Они идут сюда иначе. Их не оберегают ни вода, ни плат, ни поцелуй Бо Арангака. Они бегут, подгоняемые палками, под выкрики конвоя:

— Ишь чего удумали! Прошение совать! Стакнулись, чтоб на наши уши галактические полицаи обвалились? а вот вам хвост от викуса! Гость дорогой сам вашу бумажонку Папе отдал, на том всё и покончилось. Живей! шевелись!

— Куда?.. зачем?!

— В Чёрное святилище! У нас радость, ночь гуманитарной помощи! Кого-нибудь уроним в кладезь... может, и тебя!

Храмовое владение невелико, но охраняется крепко. Как на подступах к энергостанциям, стража стреляет без предупреждения.

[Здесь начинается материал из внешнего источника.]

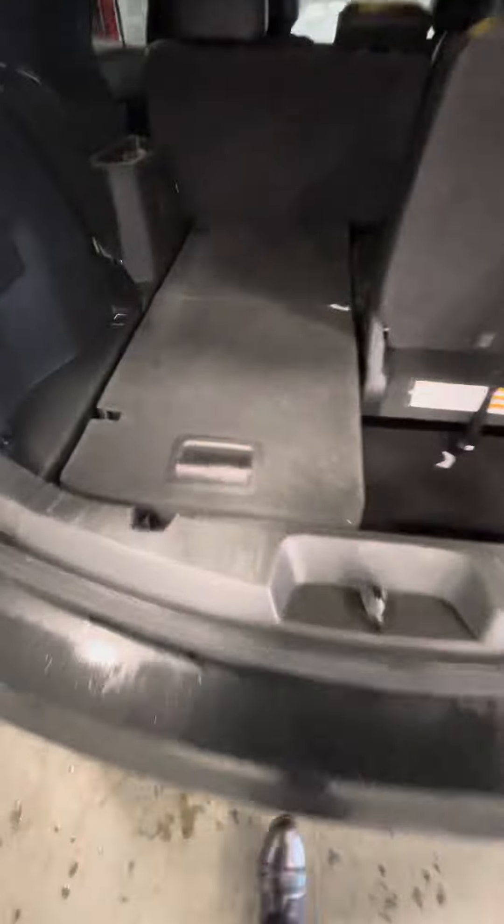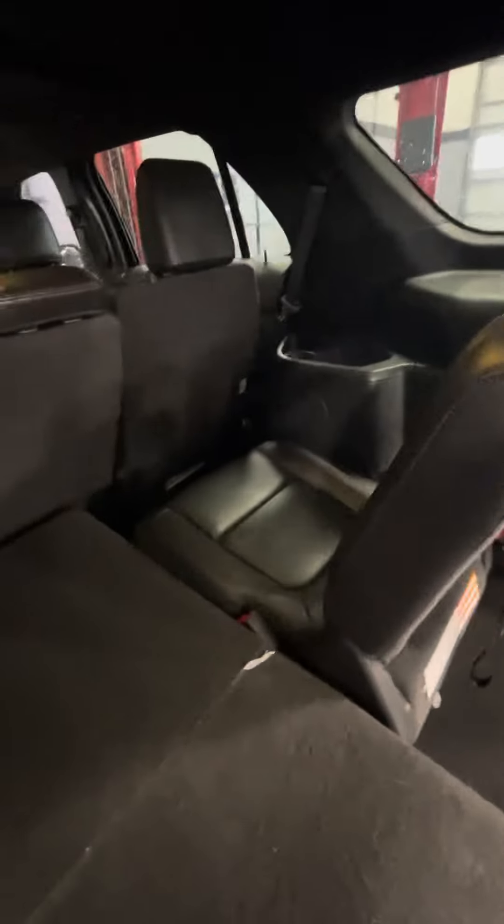And then back here, the seats actually fold into the ground with pretty deep cargo capacity. So the dog can fit here, and then if the kids don't fit, you still have this other seat back here. Pretty easy to just lift it up there, and you've got your other seat.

Тщательный обыск во тьме; пальцы обшаривают тела, водят детектором от головы до пят — карманный телефон, наладонник, серьги, браслеты, всё долой! Они поймут, что нынешняя ночь для них — особая, без милости и снисхождения, а древняя правда «К телу рук не простирать!» к ним не относится. Они подзабыли, как их выбирали на рынке, но сегодня вспомнят. А затем их передадут людям в чёрном, без лиц! Все знают, что означает, когда тебя берут за локти слуги бога.

«Проверяйте реакцию, — наставлял я. — Следите за лицами, за позами».

Надо высмотреть слабых духом. Затем — слабейших из слабых.

Низкие, узкие коридоры беспросветно черны, они веду; только вниз, вниз, вниз. Конвой подгоняет, не давая ни сориентироваться, ни подумать. Бег вслепую, каждый миг боясь споткнуться и упасть, а впереди гулкие, частые удары барабана, возвещающие: «Близится последний час!»

Впереди — свет, кровавый и тяжёлый. Никогда не приходилось мерить жизнь шагами? осталось шестнадцать... восемь... надо успеть вспомнить всё хорошее, да что-то память барахлит... Ноль!